Note that the --res flag should be changed depending on the approximate resolution of your maps. The --map flag should just be one of the ensemble of .mrc volumes you have sampled from the latent space.

2) Take the .mrc files output by step 1 and use RELION to convert them into masks.

This script is a wrapper for relion_mask_create that iterates through making all the masks and systematically naming them.

python gen_masks.py --help
usage: gen_masks.py [-h] --mrc MRC --outdir OUTDIR [--extend EXTEND]

optional arguments:
  -h, --help       show this help message and exit
  --mrc MRC        MRC file used for creating the mask
  --outdir OUTDIR  Output directory to store the masks in
  --extend EXTEND  Number of angstroms to extend initial mask by

e.g.

for i in ./01_PDB_mrc/*.mrc; do python gen_masks.py --mrc $i --outdir 02_masks; done

3) Read in the masks from step 2 and the experimental maps, apply each of the masks to each of the maps, (optionally) normalize to the total volume of the masked region, and finally output an occupancies.csv file containing fractional occupancy measurements for each subunit in each map.

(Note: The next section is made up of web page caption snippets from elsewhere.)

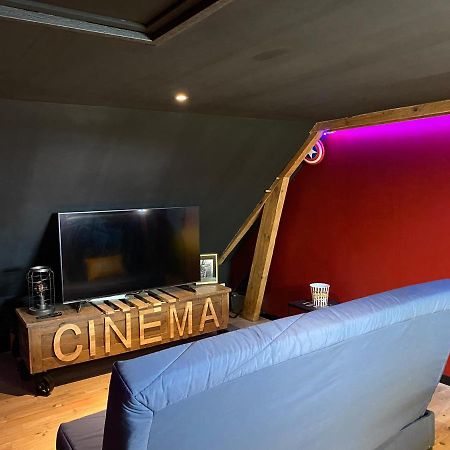 Chambre Etape Pédernec Exteriör bild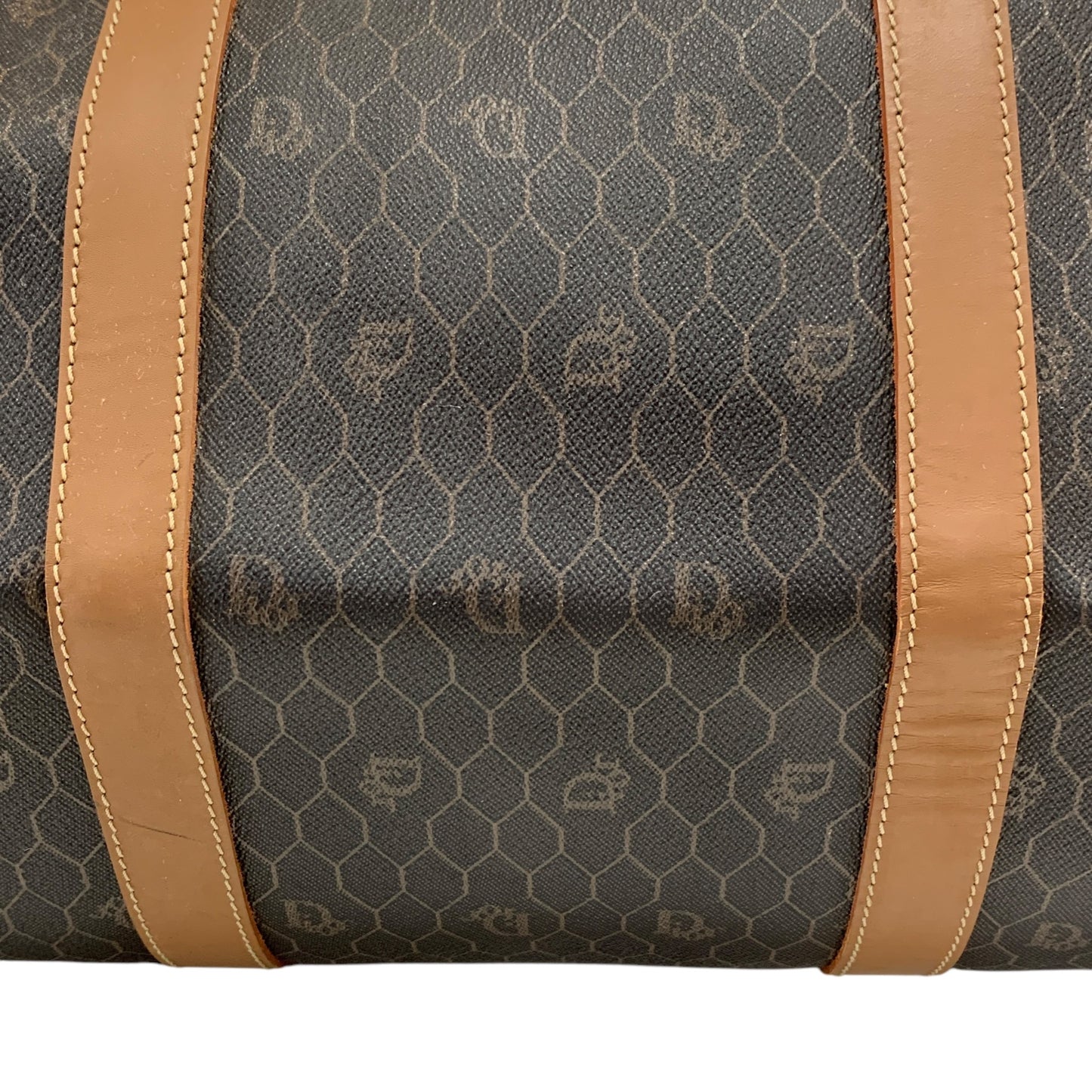 Honeycomb Boston Bag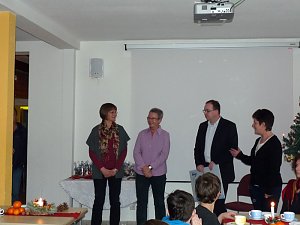 &Uuml;berraschungen vom Weihnachtsmann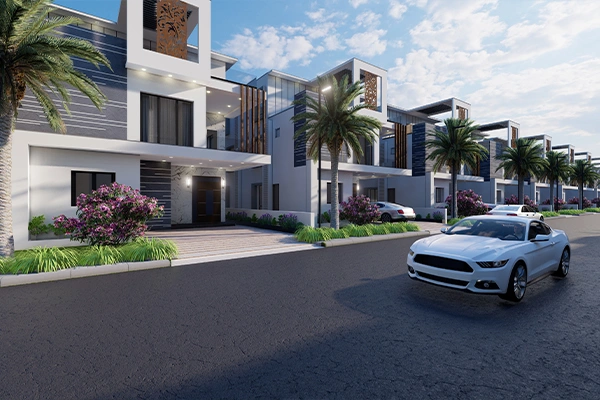 Top Features of APR Hillside | Premium Triplex Villas in Bachupally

 python calc_occupancy.py --help
usage: calc_occupancy.py [-h] --mapdir MAPDIR --maskdir MASKDIR
                         [--refdir REFDIR] [--outdir OUTDIR]

optional arguments:
  -h, --help         show this help message and exit
  --mapdir MAPDIR    Directory where sampled volumes are stored
  --maskdir MASKDIR  Directory where subunit masks are stored
  --refdir REFDIR    Directory where reference maps from the atomic model are
                     stored
  --outdir OUTDIR    Directory in which to store output data

e.g.

python calc_occupancy.py --mapdir 00_aligned --maskdir 02_masks --refdir 01_PDB_mrc --outdir 03_occupancies

Note that we generally recommend normalizing to the reference maps, as otherwise the signal will largely be dominated by the size of the subunit, with larger subunits showing higher occupancy. If the optional --refdir argument is not supplied, no normalization will be applied.

Analysis of results

An interactive Jupyter notebook is also provided to analyze the output results by performing hierarchical clustering on the outputs. This Jupyter notebook also creates scripts to interface with ChimeraX and directly visualize volumes of interest, as well as offers several tools to visualize occupancy distributions on a per-subunit basis to examine occupancy correlations between different subunits.

Other uses

Some users may also wish to use MAVEn in the absence of an atomic model, to identify particles with high occupancy of a particular region of a map. This can be done by creating a pseudo-atom or molecule in Chimera/ChimeraX, and using the --extend flag in the gen_masks.py script. Alternative methods for generating masks including using the volume eraser tool in Chimera, etc.

Additionally, as mentioned previously, this software was designed to enable systematic analysis of the structural landscapes produced by cryoDRGN training, and requires a functioning cryoDRGN install. However, it should be possible to feed an ensemble of maps from any upstream processing software to this analysis pipeline, provided that they are supplied in the appropriate .mrc format, aligned to the same frame of reference, and use a similar systematic naming scheme. Depending on the upstream processing, these maps may also need to be amplitude-scaled. This functionality has not been extensively tested.